(What you need to do) If a record holds a picture, drop the picture and repeat everything else word for word.

(Data under study)
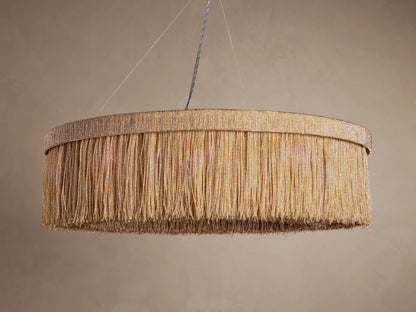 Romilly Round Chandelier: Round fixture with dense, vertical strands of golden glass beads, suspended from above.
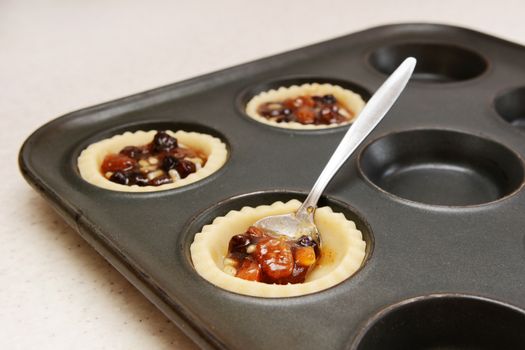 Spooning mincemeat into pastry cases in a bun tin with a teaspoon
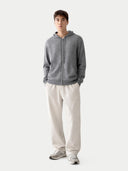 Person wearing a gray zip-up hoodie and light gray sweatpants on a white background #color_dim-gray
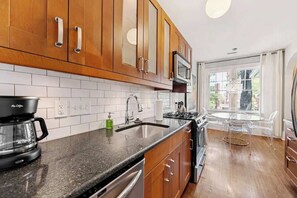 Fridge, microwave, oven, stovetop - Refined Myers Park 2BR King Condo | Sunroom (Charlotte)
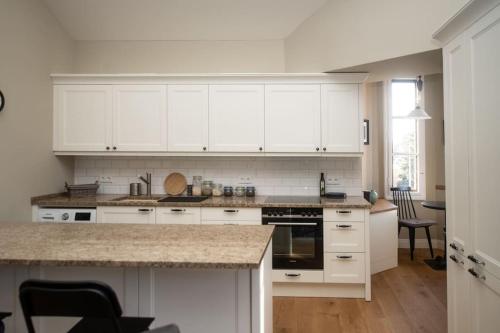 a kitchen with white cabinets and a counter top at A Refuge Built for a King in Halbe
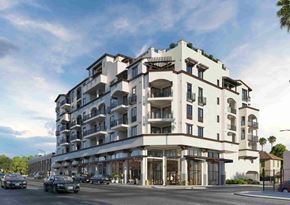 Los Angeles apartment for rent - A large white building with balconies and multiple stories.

(Problem solution)
 Romilly Round Chandelier: Round fixture with dense, vertical strands of golden glass beads, suspended from above.
 Spooning mincemeat into pastry cases in a bun tin with a teaspoon
 Person wearing a gray zip-up hoodie and light gray sweatpants on a white background #color_dim-gray
 Fridge, microwave, oven, stovetop - Refined Myers Park 2BR King Condo | Sunroom (Charlotte)
 a kitchen with white cabinets and a counter top at A Refuge Built for a King in Halbe
 Los Angeles apartment for rent - A large white building with balconies and multiple stories.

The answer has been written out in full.